No plano infraestrutural, o bem-estar é o acesso justo de todos aos bens básicos como alimentação, saúde, moradia, energia, segurança, educação, comunicação e lazer. No plano social, é a possibilidade de levar uma vida material e humana satisfatória, na dignidade e na liberdade num ambiente sem violência, de cooperação, de solidariedade e de convivência pacífica. Este seria o grande ideal para a humanidade inteira e para as pessoas. Esse tipo de bem-estar que equivale ao que chamamos de bem comum, vale para todos os países e povos. Como somos parte da natureza e sem ela não poderíamos viver, o bem-estar inclui a comunidade biótica, os ecossistemas e todos os representantes das diferentes espécies que possuem o direito de existirem, de serem respeitados como portadores de direitos.
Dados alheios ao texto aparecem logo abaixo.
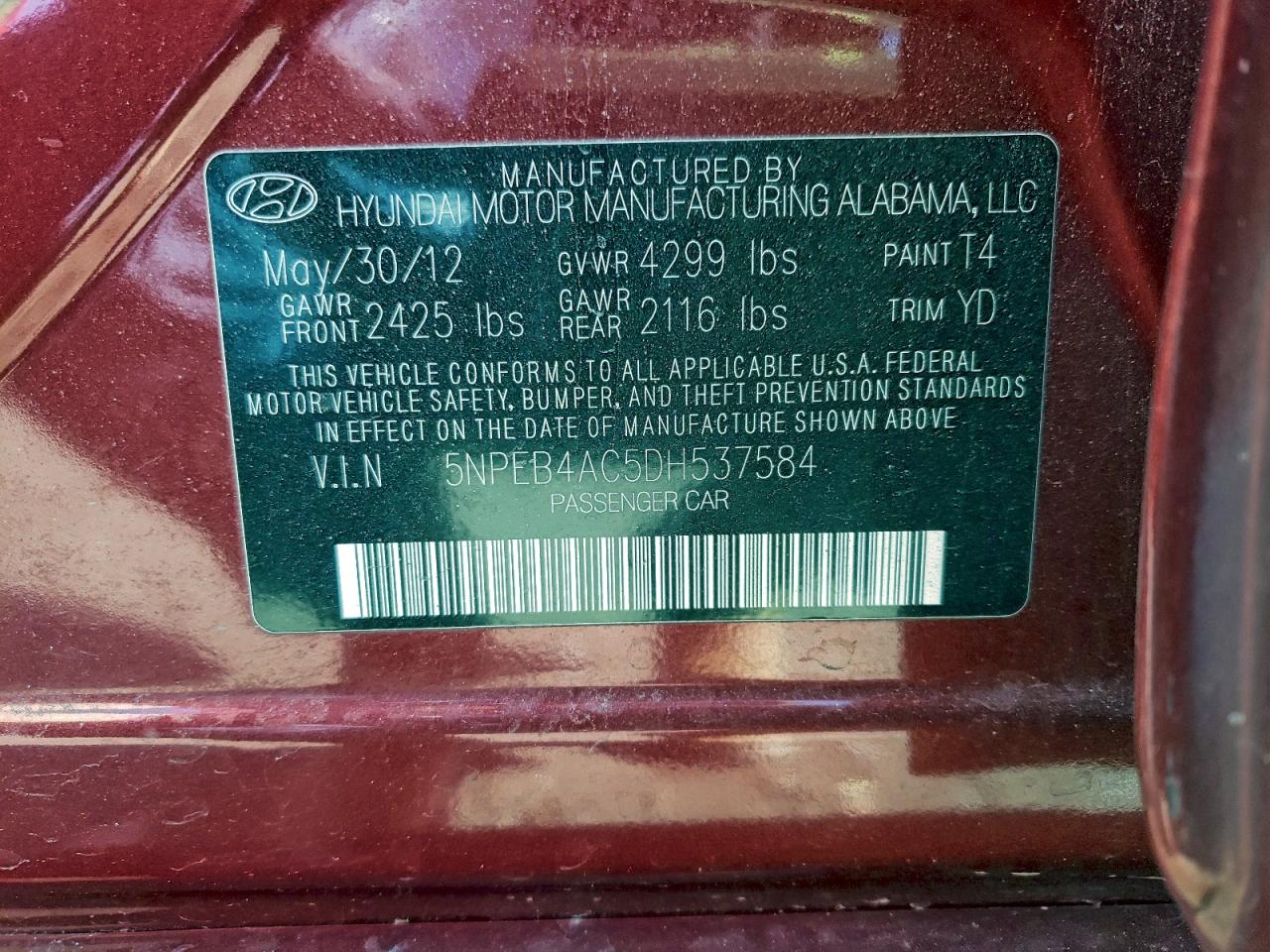 2013 Hyundai Sonata Gls VIN: 5NPEB4AC5DH537584 Lot: 94302155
Pertencem também ao bem-estar o respeito ao mundo abiótico, como as paisagens, as montanhas, os rios, lagos e oceanos, pois formamos com todos eles a grande comunidade terrenal.
Dada a religação de todos com todos, é a cooperação entre todos a seiva secreta que nutre o bem-estar nacional e planetário como um todo. Todo o planeta, entendido como um super Ente que sistemicamente articula o físico, o químico e o biológico, alcança um bem-estar à condição de todo ele se fazer sustentável, manter o equilíbrio de todos os elementos que o compõem e conseguir permanentemente se manter e se autorreproduzir. É o que significa a categoria sustentabilidade.
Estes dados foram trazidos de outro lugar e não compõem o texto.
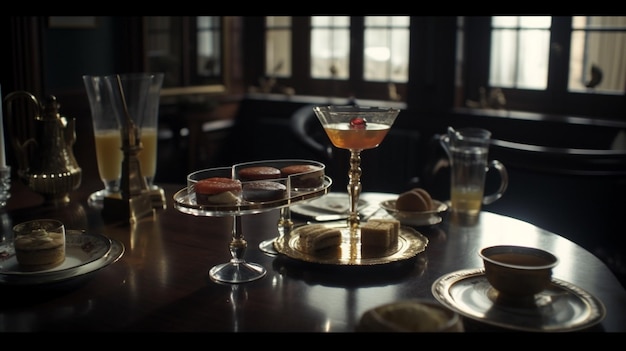 Una mesa con una copa de cócteles y un vaso de líquido encima.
A Carta da Terra sabiamente colocou as pilastras que sustentam o bem-estar comum: uma mudança na mente e no coração. Quer dizer, ter uma visão da Terra realmente como nossa Mãe que devemos amar, respeitar e cuidar. Uma mudança no coração no sentido de estabelecer um laço afetivo com todos os seres, pois são nossos irmãos e irmãs com os quais conviveremos em harmonia. O bem comum resulta de um sentido de interdependência global entre os humanos e com a natureza. Também requer um sentido de responsabilidade universal pelo bem comum válido para toda a humanidade e para a natureza.
Somente assim alcança-se um modo de vida sustentável que, mais que um desenvolvimento econômico sustentável, nos níveis local, nacional, regional e global, é expressão de um bem-estar possível e alcançável por todos nós. Talvez o grande desafio humanístico e ético é criar condições que possibilitem esse tão ansiado bem-estar nacional e planetário. Esse bem inestimável deve ser buscado e construído dia a dia, momento a momento para garantir a sua realização possível.